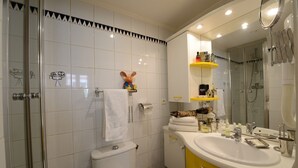 A bathroom with white tiles, a glass shower enclosure, a toilet, a sink with yellow cabinets, and a mirror. - D3DG Summer Sweetness (Paris)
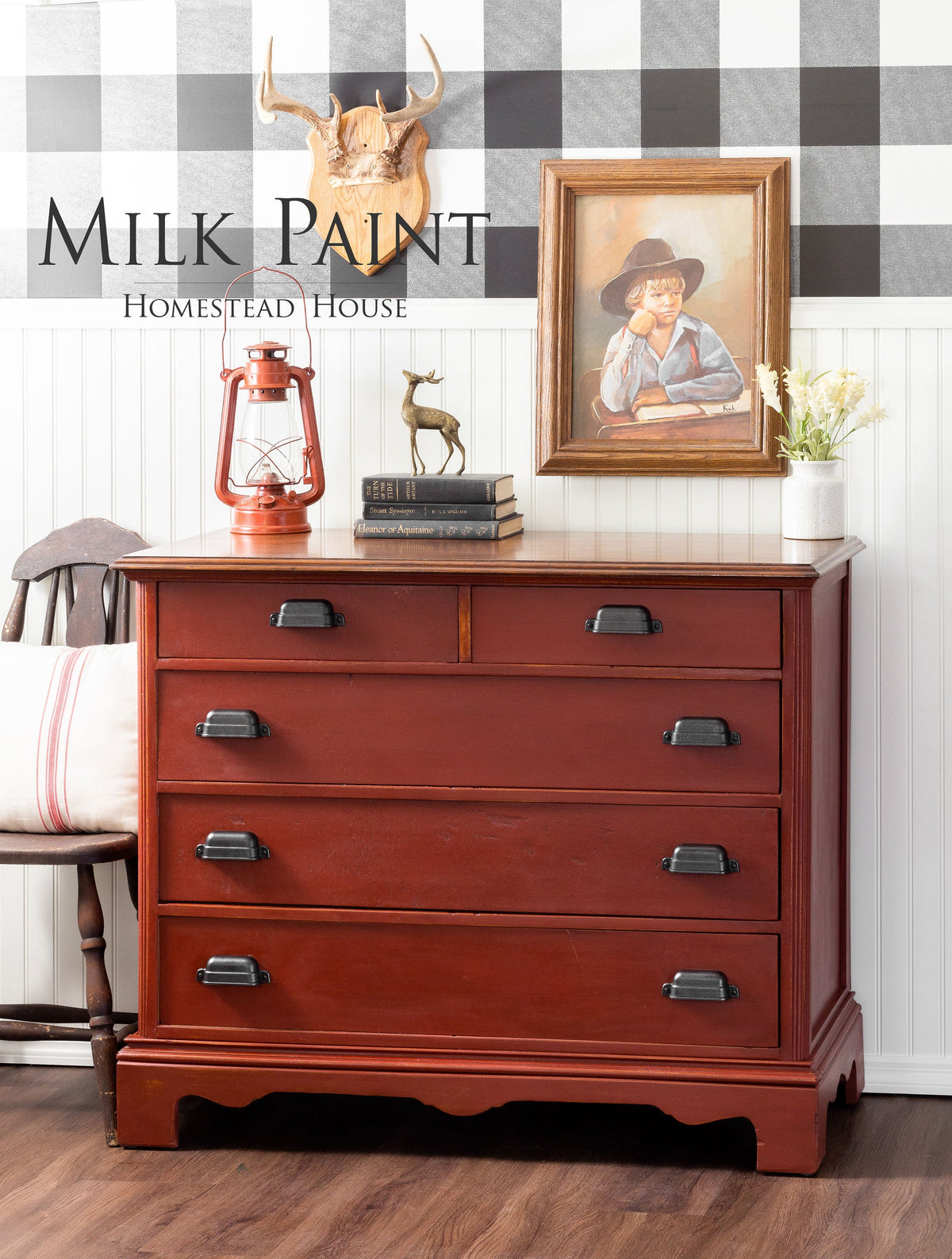 Red dresser with black handles, painted in Homestead House Voyageur Milk Paint.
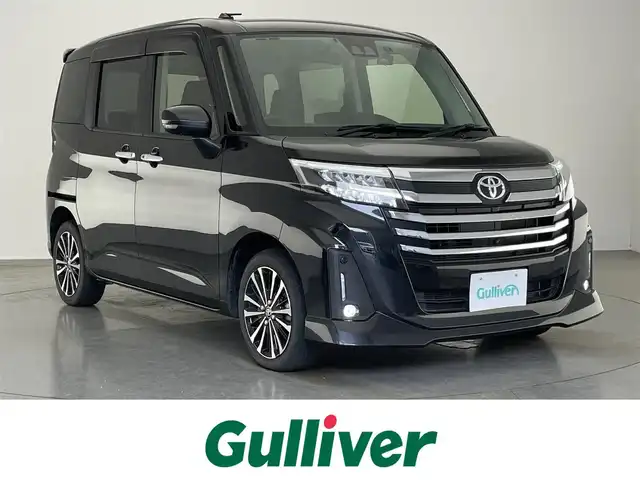 トヨタ ルーミー カスタムG－T 愛知県 2021(令3)年 2.5万km ブラックマイカメタリック 純正９型ナビ　全方位カメラ　両側パワスラ　スマートアシスト　シートヒーター　ＥＴＣ２．０　追従クルコン　ドラレコ　ＤＶＤ再生　衝突軽減　アイドリングストップ　ＬＥＤオートライト　フォグ　スマートキー プッシュスタート　電子パーキング　ブレーキサポート　純正フロアマット　純正アルミホイール　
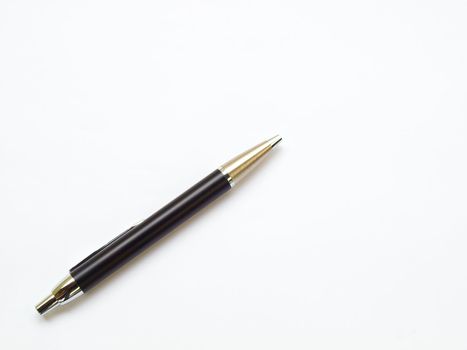 Black ball pen isolated on white background on buttom left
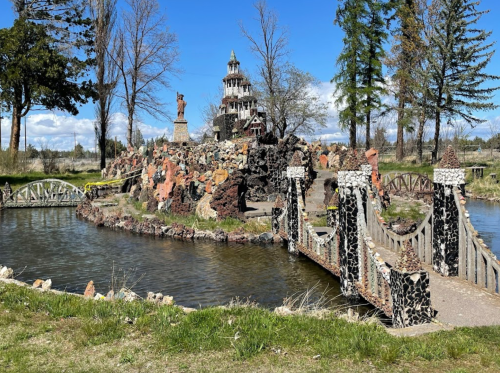 A scenic park featuring a rocky landscape, a small bridge, and a unique tower structure against a blue sky.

■ ■ ■ ■

## Exercise aim
Every line of the material must be returned verbatim, and pictures must be left behind.

## Written answer
 A bathroom with white tiles, a glass shower enclosure, a toilet, a sink with yellow cabinets, and a mirror. - D3DG Summer Sweetness (Paris)
 Red dresser with black handles, painted in Homestead House Voyageur Milk Paint.
 トヨタ ルーミー カスタムG－T 愛知県 2021(令3)年 2.5万km ブラックマイカメタリック 純正９型ナビ　全方位カメラ　両側パワスラ　スマートアシスト　シートヒーター　ＥＴＣ２．０　追従クルコン　ドラレコ　ＤＶＤ再生　衝突軽減　アイドリングストップ　ＬＥＤオートライト　フォグ　スマートキー プッシュスタート　電子パーキング　ブレーキサポート　純正フロアマット　純正アルミホイール　
 Black ball pen isolated on white background on buttom left
 A scenic park featuring a rocky landscape, a small bridge, and a unique tower structure against a blue sky.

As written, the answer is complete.